Using the listing below, reproduce exactly the lines from the one with "4 Pcs Wall Mount" through the last, with all pictures left out.
THE DATA Block Start
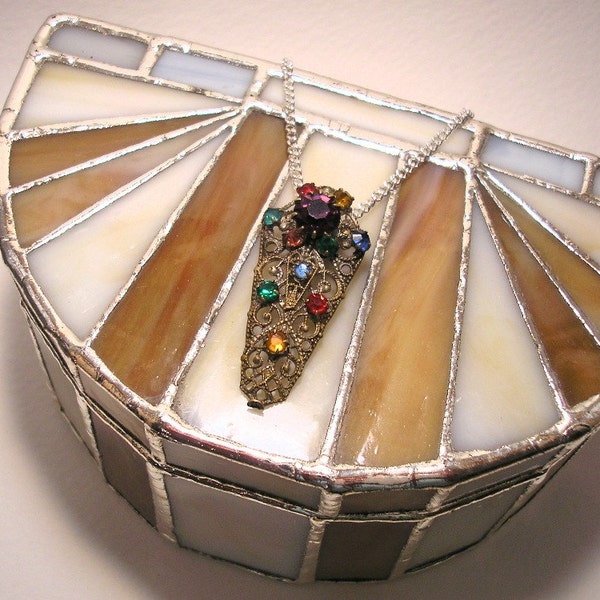 Art Deco Pendant Necklace, Czechoslovakian Dress Clip, Gablonz Filigree Pendant, Repurposed Jewelry, Rainbow Gifts, Rainbow Jewelry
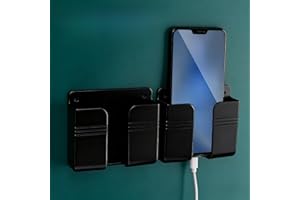 4 Pcs Wall Mount Phone Holder Bedside Self-Adhesive Organizer Storage Box Plastic Charging Phone Stand Remote Racks Holder fo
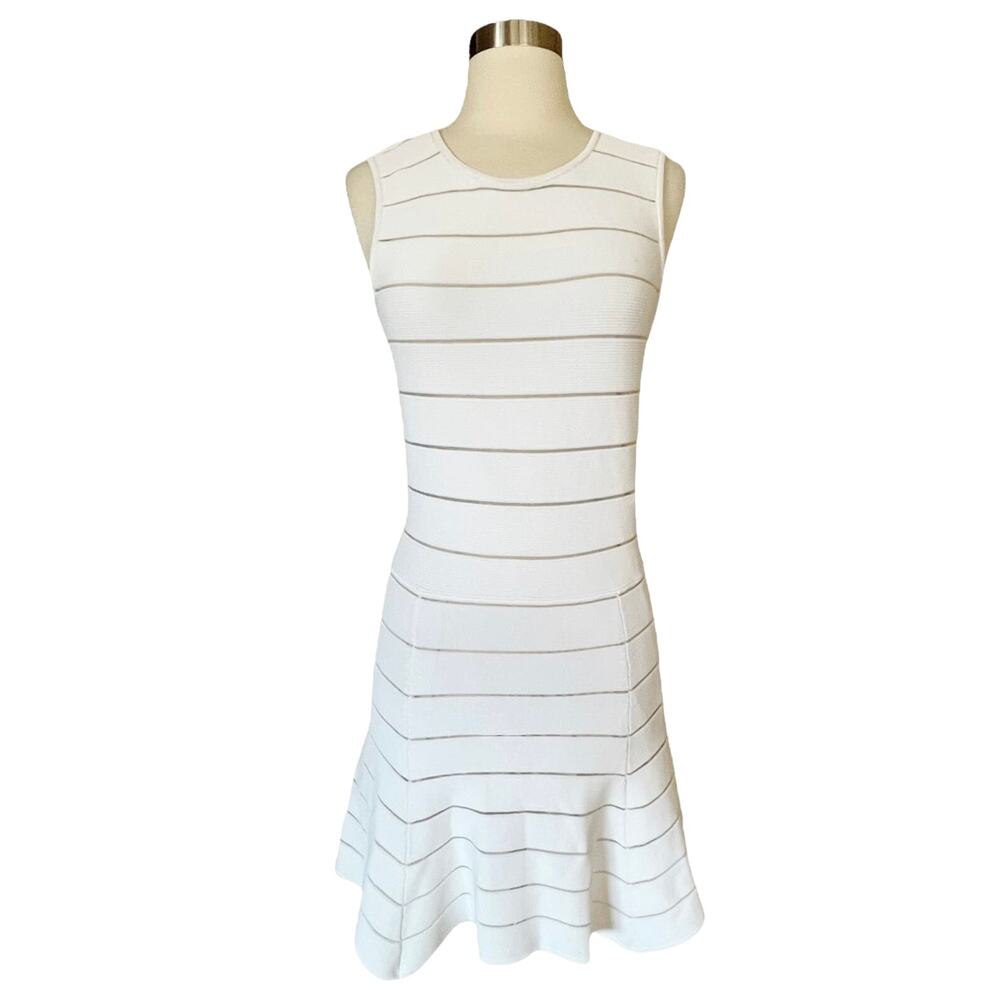 TORN RONNY KOBO Audrey Mini Dress Ivory White Bandage Sleeveless Skater Large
THE DATA Block End
#### FINISHED EXERCISE
 4 Pcs Wall Mount Phone Holder Bedside Self-Adhesive Organizer Storage Box Plastic Charging Phone Stand Remote Racks Holder fo
 TORN RONNY KOBO Audrey Mini Dress Ivory White Bandage Sleeveless Skater Large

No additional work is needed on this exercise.